What is it?
A buffer overrun happens when some code writes data outside the boundaries of an array. Take, for example, this snippet of code:
char HelloWorld; strcpy(HelloWorld, "Hello World!");
This causes a buffer overrun because the string "Hello World!" is 12 characters + a NULL char (which is a total of 13 characters) and the array is only 5 characters.
Why is it bad?
The biggest problem with buffer overruns is that they are a security issue.
Utilizing buffer overruns, it's possible to run custom code in a process. This vulnerability has been overexploited in attacks against Windows for a long time (just take a look at Windows Update).
Another security hole that has recently been exploited is the buffer overrun in the famous game Twilight Princess. By exploiting the bug, hackers have been able to run custom code, such as Tetris, on the console. For more information, see here. The scary thing is what could have happened if that harmless code to run Tetris had been replaced by malicious code. Then a seemingly harmless application can be a security issue or even harm the computer on which it is installed.
Another problem with buffer overruns is that they can corrupt other data in the program. Let's take a look at this simple, yet dangerous code:
Note that the standard says that buffer overruns causes undefined behavior. Therefore, this code may not give the same results on all compilers and platforms. This example was done with Microsoft Visual Studio on the Windows platform. This gives the result that this example assumes. This is not an example that shows what will happen, but rather what might happen.
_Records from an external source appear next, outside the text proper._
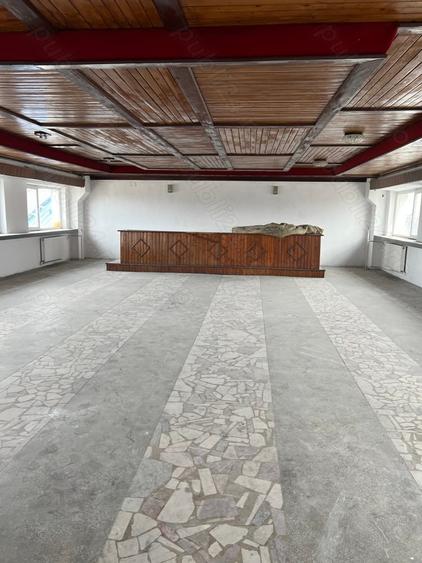 Spațiu comercial, de 105 mp, în Central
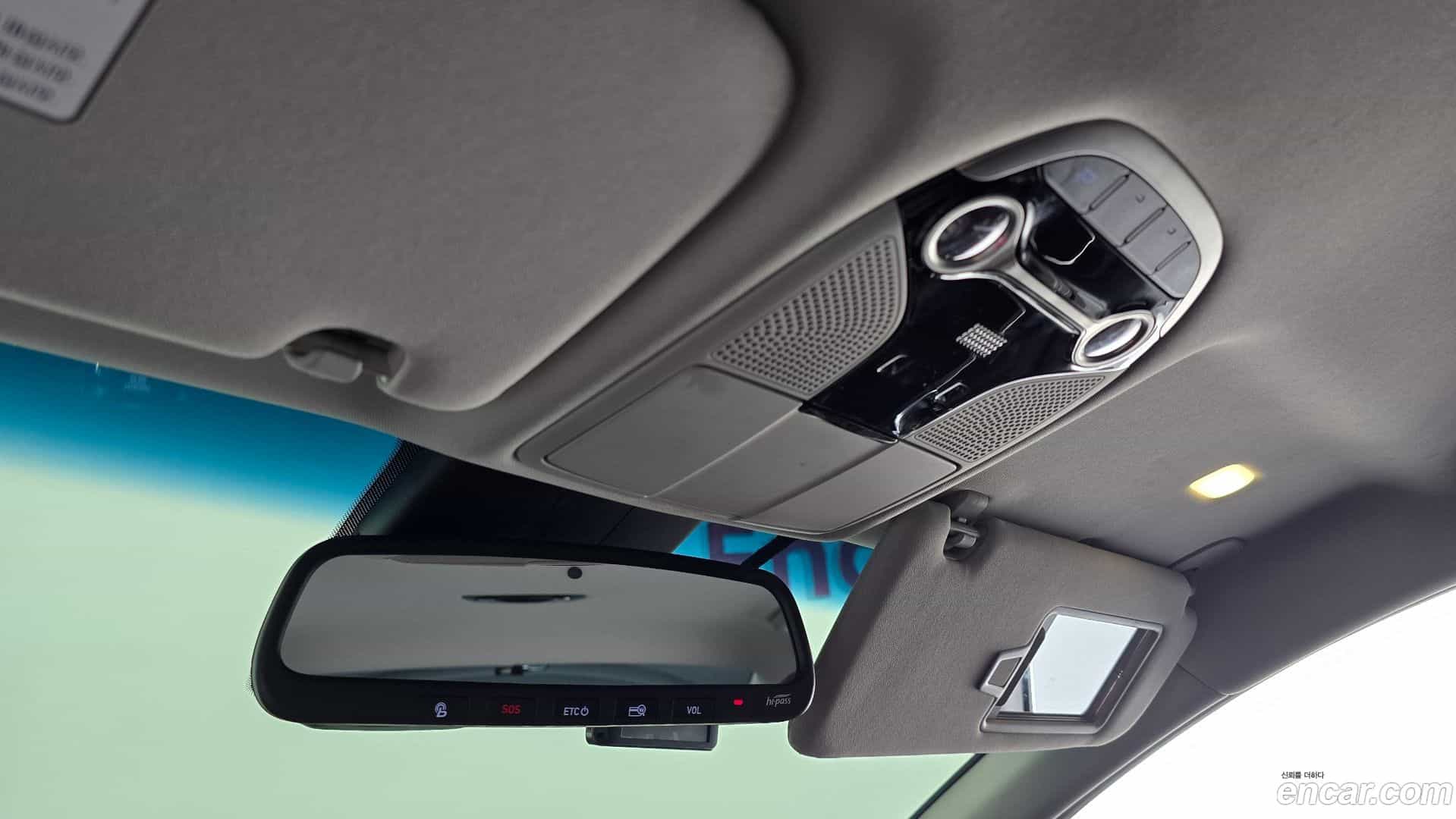 Grandeur Hyundai 2018.6-OPTION-022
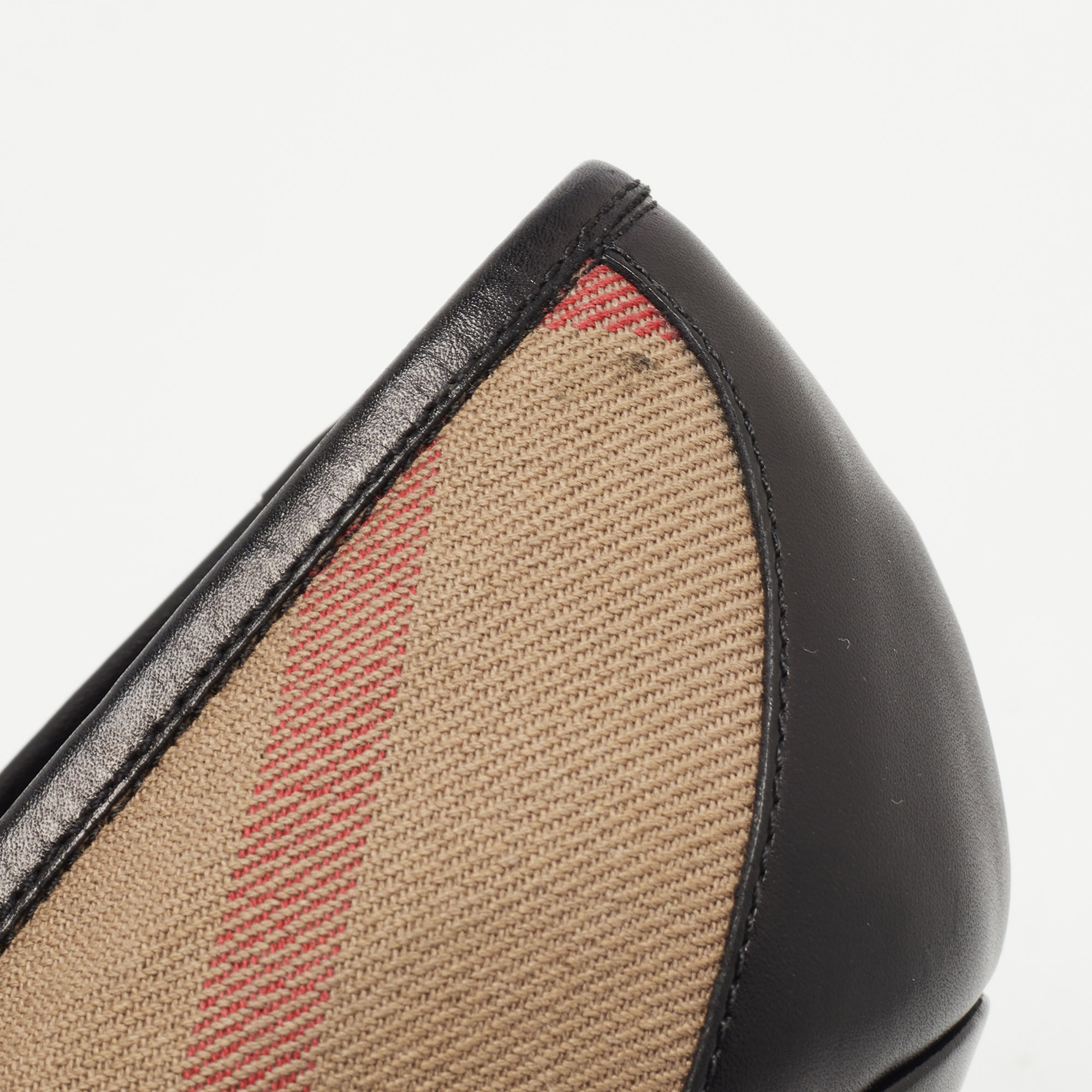 

Burberry Black/Brown Leather and Nova Check Canvas Buckle Pumps Size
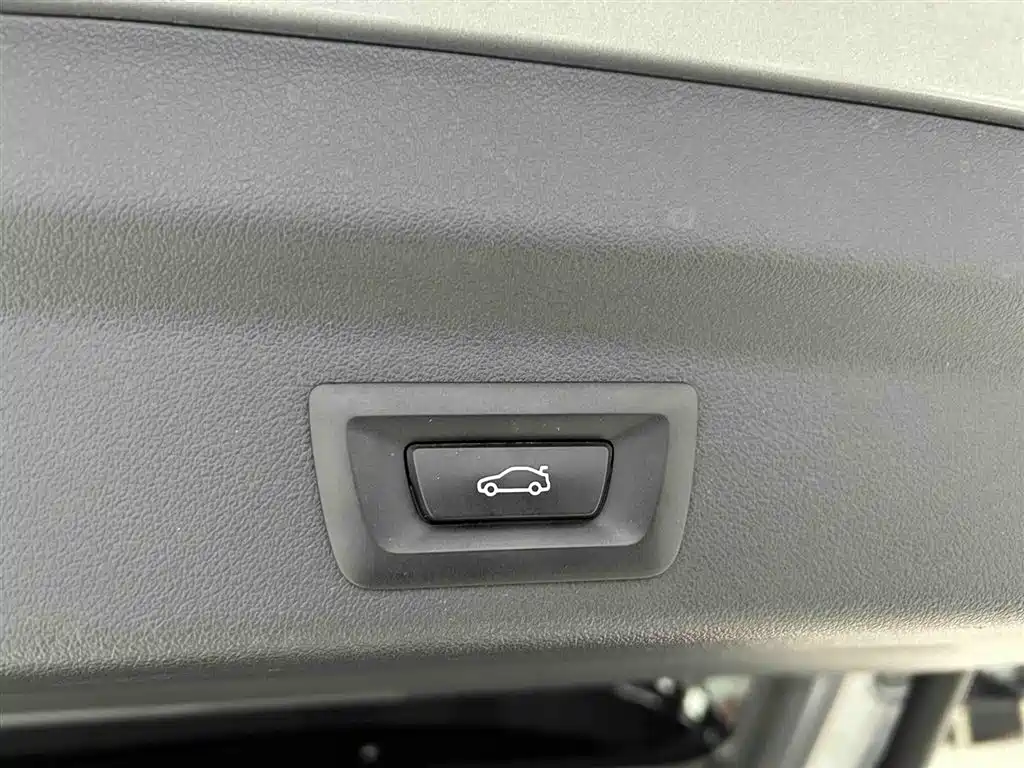 BMW X1 2023 sDrive20Li X Design Package фото 17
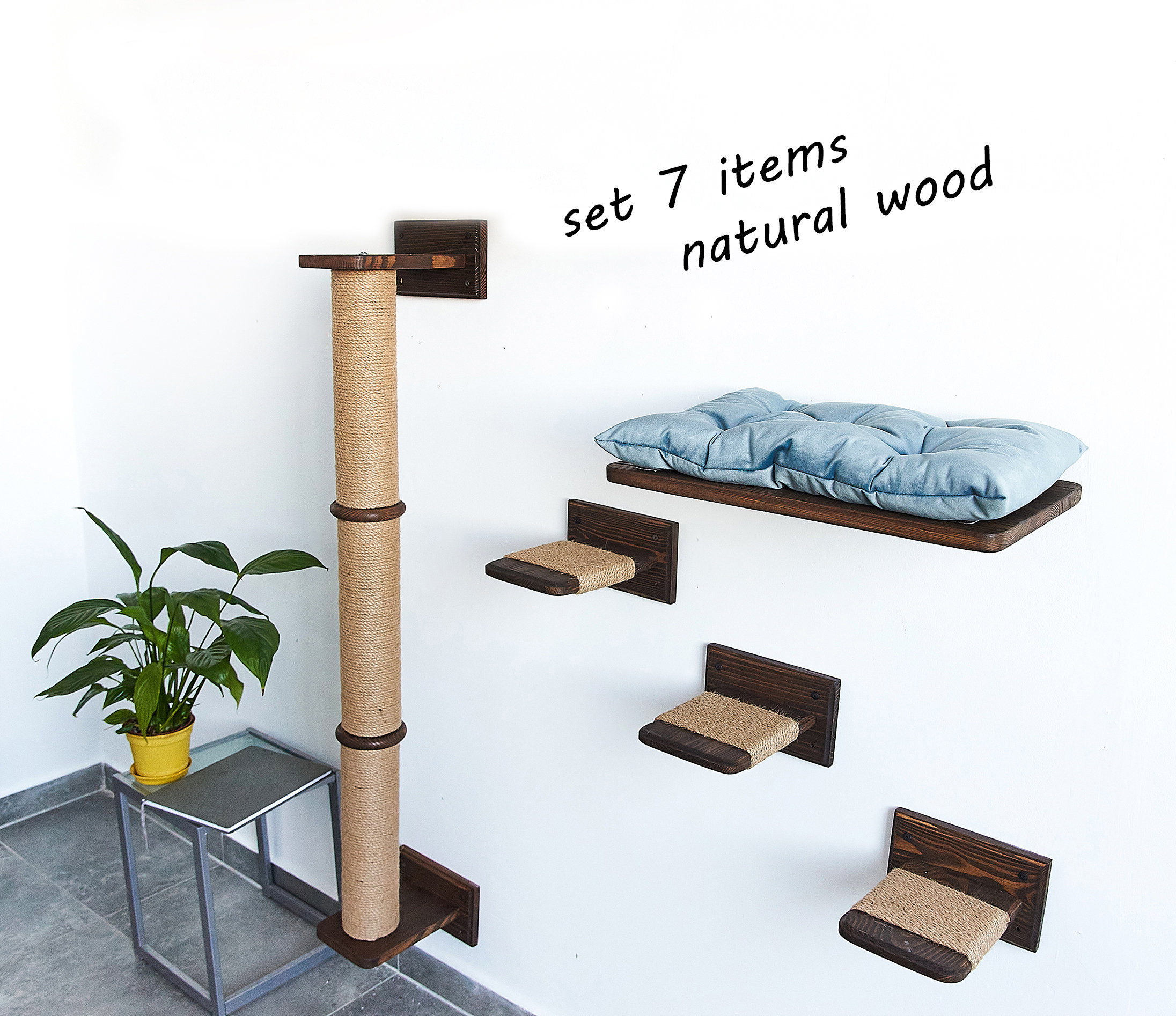 Climbing, shelves, pole & bed for cats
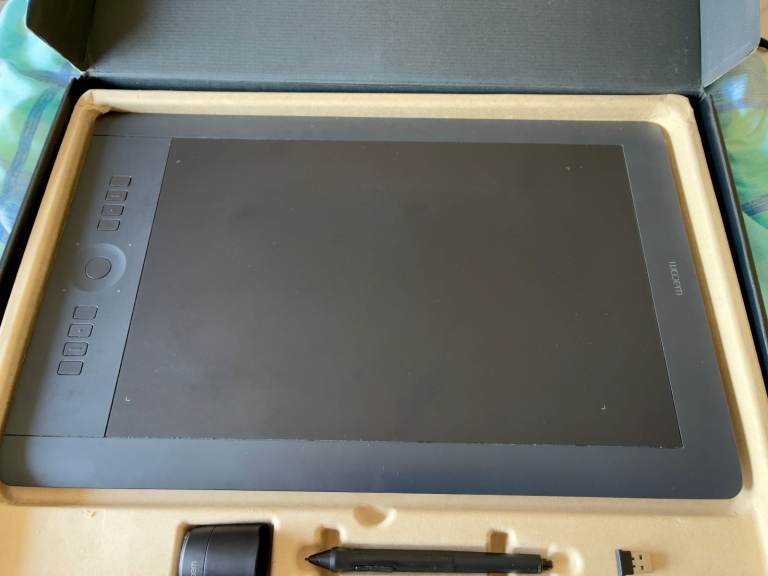 Intuos Pro Large Drawing Graphic Design Pen & Tablet PTH-851 *Postage Available*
const size_t SIZEOF_HELLO_WORLD = sizeof("Hello World!"); int MyInt = 0; char MyArray[SIZEOF_HELLO_WORLD - 1]; strcpy(MyArray, "Hello World!!"); printf("%s", MyArray); printf("%i", MyInt);
Notes: this snippet of code assumes that the computer is a 32-bit computer. This may or may not work on all compilers and platforms, either. Some compilers (such as Visual Studio) can place extra bytes before and after a variable, buffer or array to detect buffer overruns. The code is only here to give a possible scenario as to how data corruption can occur.
The size of "Hello World!" is actually 13 bytes, but since the stack is aligned on DWORD-boundaries (4 bytes), the size of the array is reduced by one so that it actually aligns on a boundary. Otherwise, padding would have been added and the code would have run fine.
The buffer overrun occurs on the strcpy line which actually copies a total of 14 bytes into a 12-byte array.
To demonstrate how corruption can occur, an int is defined above, initializing its value to 0. However, when printing out the contents of both variables, we should get "Hello World!!" and 33!
But we just initialized MyInt to 0. So how come it prints 33? The answer is simple: when copying the data into the MyArray array, it actually wrote data beyond the end of the array, into the region of memory occupied by the MyInt variable! The number 33 is the number representation of the character '!'. If we'd assign '!' to MyInt, we'd get the same result - 33.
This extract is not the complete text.